The U. virens isolate entered through the root epidermis then colonize in the epidermal and cortical tissues. Previously, similar behavior of hyphae for other root endophytes has been reported by Gao and Mendgen (2006) and Zvirin et al. (2010). The fungi were able to colonize the epidermal layer intra and inter-cellularly and also able to reach to the cortex region which is a typical feature of the non-pathogenic root colonizers (Schardl et al., 2004). In addition, the early stages of Arabidopsis root infection by U. virens were characterized by extensive intercellular colonization and a mosaic pattern of intracellular colonization. This type of mosaic pattern of root colonization has been described for the different pathogenic interactions on different plant roots (Lagopodi et al., 2002; Vierheilig et al., 2005; Mebeaselassie et al., 2015b) which indicate that this pattern of infection is not a trait that is unique to pathogenic fungi. In addition, from our study we observed that the hyphae grow irregularly on the root surfaces. The hyphae of most endophytes deviated from the direction along the root axes when they grew inside cells (Abdellatif et al., 2009; Mebeaselassie et al., 2015b). So it is normal to see hyphae grew in irregular directions when they colonized living cells. In addition, to characterize Arabidopsis root invasion by U. virens at the molecular level, we used different well-established foliar defense genes. We have confirmed that U. virens was able to keep an intimate biotrophic relationship with the hosting Arabidopsis root cell for over at least 96 hpi without showing any significant apparent loss of the host’s cell viability. Such kind of tissue adapted fungal infection strategy was also previously reported by Marcel et al. (2010) on rice roots by Magnaporthe oryzae.

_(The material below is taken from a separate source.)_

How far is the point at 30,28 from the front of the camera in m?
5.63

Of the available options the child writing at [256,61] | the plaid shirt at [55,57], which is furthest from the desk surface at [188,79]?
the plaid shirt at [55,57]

Generally, PR genes and proteins accumulate rapidly at the intra-or extra-cellular level under various biotic and abiotic stimuli, including fungal, elicitor and physical or chemical treatments (Van-Loon, 1985; Van-Kan et al., 1992; Van-Loon and Van-Strien, 1999; Graham et al., 2003). We demonstrate in this work that A. thaliana may serve as a good model host species to study the interaction between infected plants and the rice false smut fungus U. virens. Regardless the germination and growth of the U. virens fungal spores, our results show that Arabidopsis plants were able to activate different defense strategies in order to limit the damage and destruction which is caused by this biotrophic fungus. Within the first 24 h of post infection, we have observed plant defensin and pathogenesis related genes that are used for activating the plant defense system. These and other markers combined together and form a HR. The HR is known to play a very significant role in limiting or reducing the extent of damage which is caused by different pathogens (Dempsey et al., 1998).

Similar to our current observation, PR-1 and PDF1.2 expression was also induced in Col-0 upon infection with M. oryzae strains. PR-1 expression was induced at 2 dpi but decreased at 3 dpi, however, unlike PR-1, the expression of PDF1.2 was further increased at 3 dpi in Col-0 which is in congruence with the current finding (Park et al., 2009). Interestingly, the expression of both PDF1.2 and PR-1 genes decreases at 48 hpi and then increases at least threefold at 72 hpi and thereafter. This pattern of expression has been described when the plant needs to sense the pathogen and mount the resistance response, which in turn triggers a defense response (Govrin and Levine, 2000). Therefore, our results suggest that, although the rice false smut fungus isolates are able to infect and grow on Arabidopsis, this infection has set off a defense response within the plant. Similarly U. virens was able to colonize and infect Arabidopsis roots, flowers, and pods and it is witnessed by the increased levels of PR1, PR2, PR5 as well as PDF1.1 transcripts. Several PR proteins were identified so far that have been implicated in plant defense. Based on the initial speculation, defensin proteins are assumed to be present in large amounts in seeds and seedlings and are useful to give protection for the seeds and seedlings from soil-borne pathogens (Terras et al., 1995). However, unlike the previous speculation, defensins have much broader expression patterns and could be able to express in different plant organs (Kragh et al., 1995; Terras et al., 1995).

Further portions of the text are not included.